Elsevier

Signal Processing

Volume 87, Issue 3, March 2007, Pages 374-407
Signal Processing

Temporal and time-frequency correlation-based blind source separation methods. Part I: Determined and underdetermined linear instantaneous mixtures

https://doi.org/10.1016/j.sigpro.2006.05.012Get rights and content

Abstract

We propose two types of correlation-based blind source separation (BSS) methods, i.e. a time-domain approach and extensions which use time-frequency (TF) signal representations and thus apply to much more general conditions. Our basic TF methods only require each source to be isolated in a tiny TF area, i.e. they set very limited constraints on the source sparsity and overlap, unlike various previously reported TF-BSS methods. Our approaches consist in identifying the columns of the (scaled permuted) mixing matrix in TF areas where these methods detect that a source is isolated. Both the detection and identification stages of these approaches use local correlation parameters of the TF transforms of the observed signals. Two such Linear Instantaneous TIme-Frequency CORRelation-based BSS methods are proposed, using Centered or Non-Centered TF transforms. These methods, which are resp. called LI-TIFCORR-C and LI-TIFCORR-NC, are especially suited to non-stationary sources. We derive their performance from many tests performed with mixtures of speech signals. This demonstrates that their output SIRs have a low sensitivity to the values of their TF parameters and are quite high, i.e. typically 60 to 80 dB, while the SIRs of all tested classical methods range about from 0 to 40 dB. We also extend these approaches to achieve partial BSS for underdetermined mixtures and to operate when some sources are not isolated in any TF area.

Introduction

Blind source separation (BSS) methods aim at restoring a set of unknown source signals from a set of observed signals which are mixtures of these source signals [1], [2], [3]. Most of the approaches that have been developed to this end concern linear instantaneous mixtures and are based on independent component analysis (ICA). They assume the sources to be random stationary statistically independent signals, and they recombine the observed signals so as to obtain statistically independent output signals. The latter signals are then equal to the sources, up to some indeterminacies and under some conditions (especially, at most one source may be Gaussian for such methods to be applicable if no additional constraints are set on the sources).
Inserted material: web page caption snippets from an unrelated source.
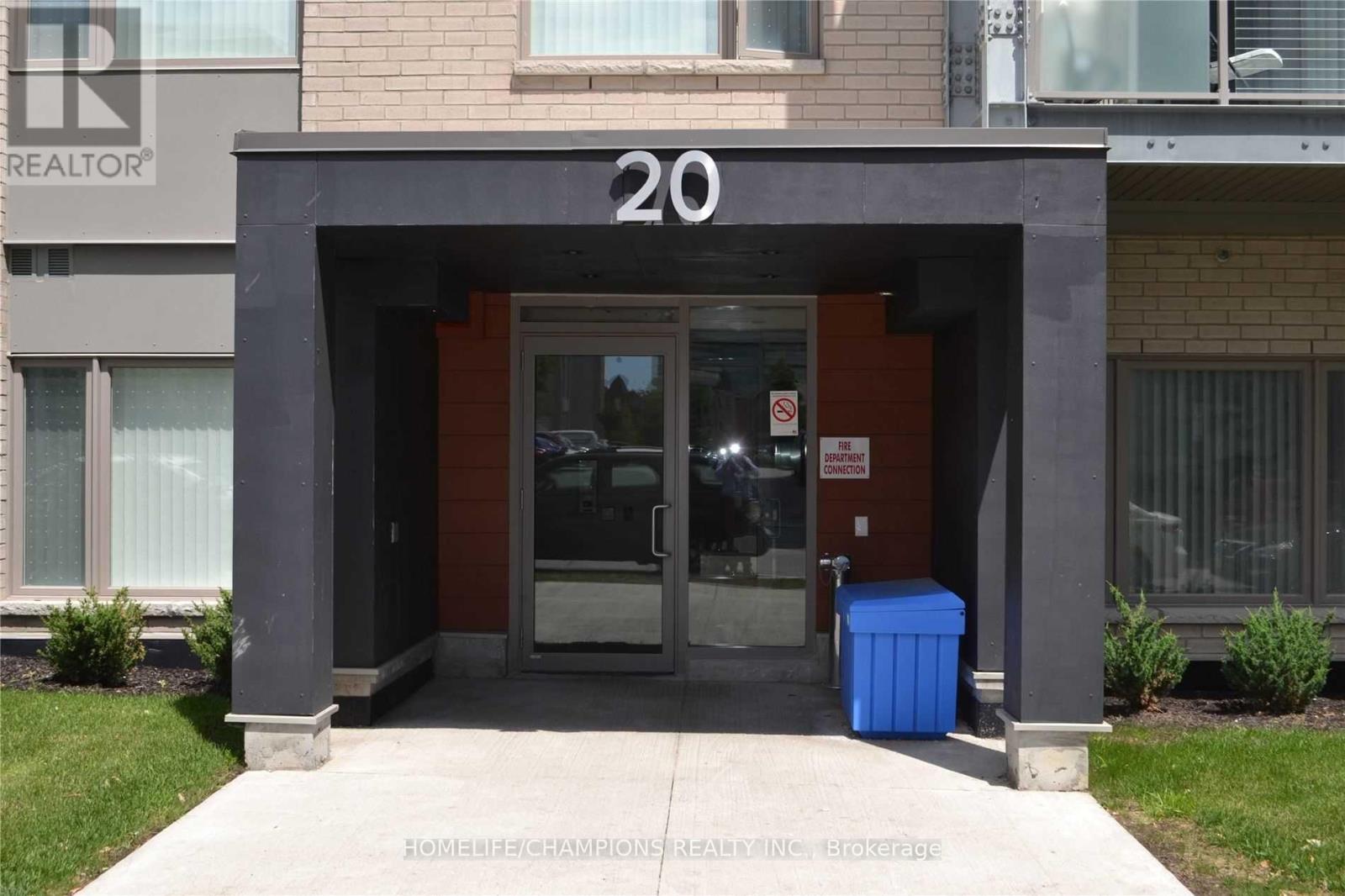 Apartment at 403 - 20 ORCHID PLACE ROAD N, Toronto (Malvern)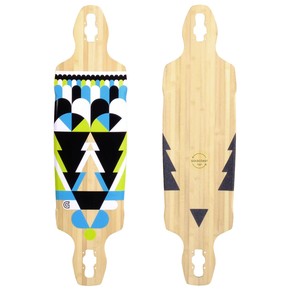 Przejść do produktu Longboard deska Goldcoast Process Drop Through 2016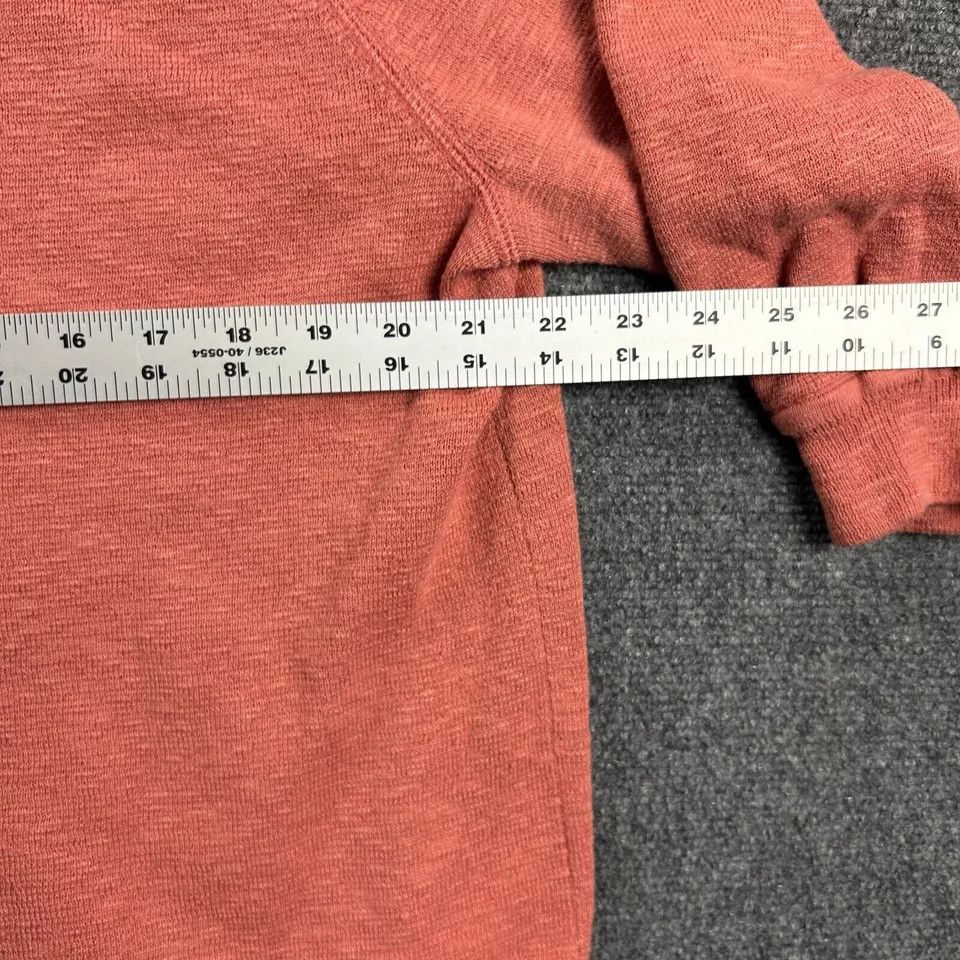 Madewell Madewell Sweater Womens Small Salmon Crew Neck 3/4 Sleeve Size S / US 4 / IT 40 - 6 Thumbnail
In addition to ICA, a few other general concepts have been used for achieving BSS. This includes the class of approaches based on time-frequency (TF) analysis, which is the main framework considered in this paper. TF tools have been used in various ways in the BSS methods reported so far, as may be seen e.g. in [4], [5], [6], [7], [8], [9], [10], [11]. Among the trends which emerge from these papers, the following ones should especially be mentioned. A first set of methods is composed of approaches based on ratios of TF transforms of observed signals [4], [5], [6]. Some of these methods require the sources to have no overlap in the TF domain [4], which is quite restrictive. On the contrary, only slight differences in the TF representations of the sources are required by the type of methods that we introduced and extended in [5], [6]. Another general concept that has been proposed for achieving BSS consists in exploiting the sparsity of the sources in an adequate representation of these signals. The representation used in some of these approaches is based on a TF transform of the signals. This yields a second set of TF-BSS methods, which especially contains the approaches proposed in [7]. This second set of methods has some relationships with the above-mentioned first set, in the sense that the different constraints on the TF overlap between sources in the first set of methods may be considered as various conditions on the degree of sparsity of these transformed sources. All the approaches presented in the papers [4], [5], [6], [7] which compose the above two sets use the same TF transform, i.e. the short-time Fourier transform (STFT), which is a linear transform. On the contrary, other approaches use quadratic TF transforms (see e.g. [8], [9], [10], [11]), thus forming a third set of methods. This set especially includes TF-BSS methods which are significantly related to classical BSS approaches, as they consist of TF adaptations of previously developed joint-diagonalization methods, with subsequent modifications. It should be noted that, unlike classical ICA-based BSS methods, TF-based BSS approaches are intrinsically well-suited to non-stationary signals (and set no restrictions on the Gaussianity of the sources). They are therefore e.g. especially attractive for speech sources.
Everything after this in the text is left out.